The group has relocated to a bed and breakfast up the street, where Nelson Hernandez and Andrea Biondi have opened the kitchen of The Old Clark Inn to the group. First one there makes the coffee.
"All of us view it as an interim arrangement until Kristy and the Dirtbean are back in business. Dirtbean was just such a special place," Tompkins said.
Lots of townsfolk have offered their support for Lanier, and for the re-opening of her shop, including the owner of the apartment building where she's now staying. He's not charging her rent.
"I think she's finally realized what she means to people here," Tompkins said.
Tompkins said she hoped the town's new economic development task force would include Lanier and the other property owners in discussions about what should happen next.
Mayor Joe Smith said the group he appointed is going to look at Marlinton's big picture, not just the now-vacant property.
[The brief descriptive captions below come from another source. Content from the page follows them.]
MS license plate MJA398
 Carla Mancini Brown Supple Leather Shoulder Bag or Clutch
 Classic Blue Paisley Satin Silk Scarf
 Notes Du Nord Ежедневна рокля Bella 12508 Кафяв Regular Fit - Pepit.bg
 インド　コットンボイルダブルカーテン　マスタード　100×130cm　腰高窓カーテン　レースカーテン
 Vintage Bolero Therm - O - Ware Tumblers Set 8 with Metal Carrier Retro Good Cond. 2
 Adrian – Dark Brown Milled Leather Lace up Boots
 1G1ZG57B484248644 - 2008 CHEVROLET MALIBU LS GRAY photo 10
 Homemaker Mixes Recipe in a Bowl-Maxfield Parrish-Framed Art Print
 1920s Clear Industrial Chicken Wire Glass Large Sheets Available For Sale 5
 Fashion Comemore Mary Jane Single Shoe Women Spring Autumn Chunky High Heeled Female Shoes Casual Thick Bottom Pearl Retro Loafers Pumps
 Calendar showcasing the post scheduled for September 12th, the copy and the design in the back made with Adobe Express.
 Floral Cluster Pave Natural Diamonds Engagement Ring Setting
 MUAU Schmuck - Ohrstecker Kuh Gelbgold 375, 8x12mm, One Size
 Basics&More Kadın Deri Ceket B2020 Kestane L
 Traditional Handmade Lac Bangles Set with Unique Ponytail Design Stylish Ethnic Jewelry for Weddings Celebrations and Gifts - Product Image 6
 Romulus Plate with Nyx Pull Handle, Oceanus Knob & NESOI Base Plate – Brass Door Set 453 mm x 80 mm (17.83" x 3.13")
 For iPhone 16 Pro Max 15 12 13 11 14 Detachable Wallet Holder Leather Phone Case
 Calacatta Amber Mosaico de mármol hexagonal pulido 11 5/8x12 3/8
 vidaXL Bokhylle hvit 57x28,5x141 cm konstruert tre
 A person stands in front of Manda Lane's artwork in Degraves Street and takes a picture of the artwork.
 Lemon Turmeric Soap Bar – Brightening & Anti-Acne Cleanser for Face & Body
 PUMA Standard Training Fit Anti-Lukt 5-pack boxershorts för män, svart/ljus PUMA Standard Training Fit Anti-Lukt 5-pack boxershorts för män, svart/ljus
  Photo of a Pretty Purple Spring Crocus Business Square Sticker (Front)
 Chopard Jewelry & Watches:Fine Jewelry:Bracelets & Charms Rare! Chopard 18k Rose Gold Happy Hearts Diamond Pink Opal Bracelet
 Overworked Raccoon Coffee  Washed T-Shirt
But, he said, the 200 block of Main Street will be a primary concern.
The task force will be a resource for the property owners who need information, he said. "Our pledge to them is to help them when they decide what they want to do, whether they want to rebuild or whether they want to sell," Smith said. "It's not the town's decision; it's not the task force's decision. It's their decision."
Smith said he envisioned commercial space on the lower level with quality apartments above.
The lower level of any business in Marlinton presents a problem to potential investors because much of the town sits in the flood plain.
Buildings must be raised above the 100-year flood plain, which does not reach much of Main Street; however, floods in 1985 and 1996 gushed water into the town's business district at levels of 6 to 8 feet.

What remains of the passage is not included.